State troopers had channeled all northbound traffic into one lane to by-pass the scene of the accident. The darkness was split by the red lights of squad cars parked on the grass off the highway. Carmody pulled up behind them and walked down to the gully where a fire-blackened convertible lay upside down, its wheels pointing grotesquely and helplessly at the sky. Men were working around it, measuring skid tracks, beginning the tests on brakes, wheel alignment, ignition system. A uniformed patrolman stood beside a small, blanket-covered figure on the ground. Carmody walked over to him and said, “Has the doctor gone?”
“Yes. He couldn’t do anything. What’s your business?” he added.

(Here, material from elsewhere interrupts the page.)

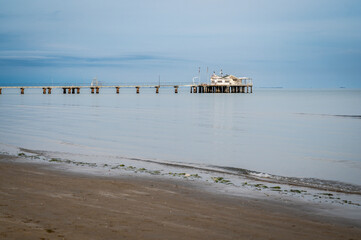 Lignano Pineta. the pier overlooking the sea and its spiral shape. - 712327825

“Metropolitan police,” Carmody said opening his wallet. “I want to check an identification.”
“Sure, Sarge. Go ahead.”
Carmody knelt down and drew the blanket gently away from the small figure on the ground. He stared at her a moment, his face grim and hard in the flaring shadows thrown by the police lights. The fire, rather miraculously, hadn’t touched her face or hair. She must have crawled halfway out the window before the smoke and flame got her, he thought. For half a moment he stared at the frozen, inanimate pain on her face, at the leaves and twigs caught in her tangled blonde hair. He kept his eyes away from the rest of her body. You didn’t get back to show business, he thought. You just got murdered. He put the blanket over her face and got to his feet.

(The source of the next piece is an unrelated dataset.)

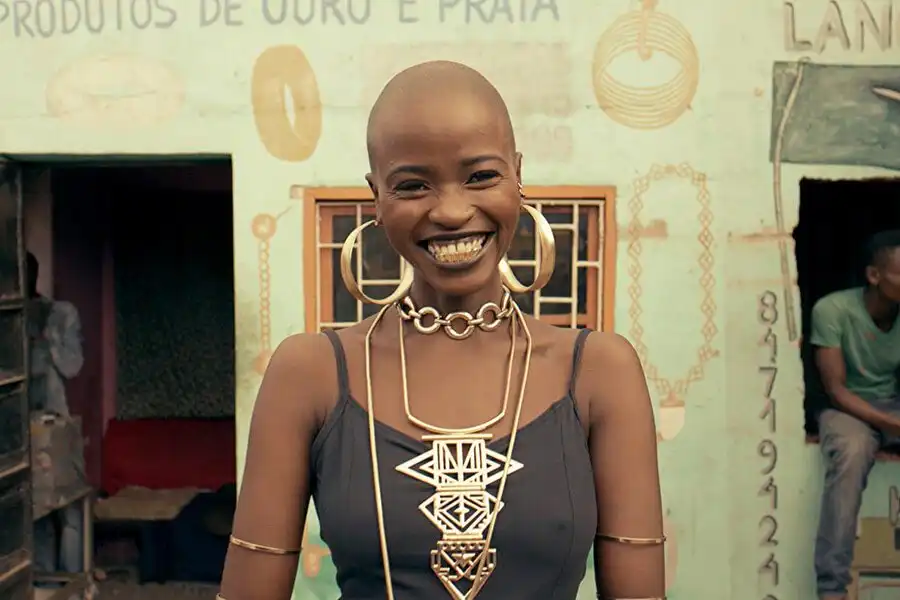 Smiling person with bold jewelry and shaved head, standing in front of a colorful building.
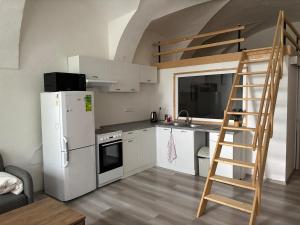 a kitchen with a ladder and a white refrigerator at Apartmán u bazénu in Šumperk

“Do you know what happened?” he asked the uniformed cop.
“I heard the talk,” the cop said respectfully; the look in Carmody’s face made him anxious to help. “She was alone in the car when the first motorist got to her and pulled her out. But nobody saw the crash. She lost control about fifty yards from the bridge, judging from the skid tracks. Then she barreled down here and tipped over.”
It was phony all the way, Carmody knew. Nancy had never been behind the wheel of a car in her life.
“She didn’t have much of a chance,” the cop said, and shook his head.
“Not a ghost.”
Carmody walked up the grade to his car. The single line of traffic passed him on his left, moving slowly despite the shouted orders from the troopers. Everyone wants a glimpse of tragedy, he thought, while faces peered out of the slowly moving cars, eager for the sounds and smells of disaster. Carmody looked down the hill at the blanket-draped figure on the ground, and then he slipped his car into gear and headed back to the city.
Half an hour later he rapped on the door of Beaumonte’s apartment. Footsteps sounded and Beaumonte, in his shirt-sleeves, opened the door, the big padded roll of his body swelling tightly against the waistband of his trousers. Without a jacket he didn’t look formidable; he was just another fat man in a silk shirt and loud suspenders.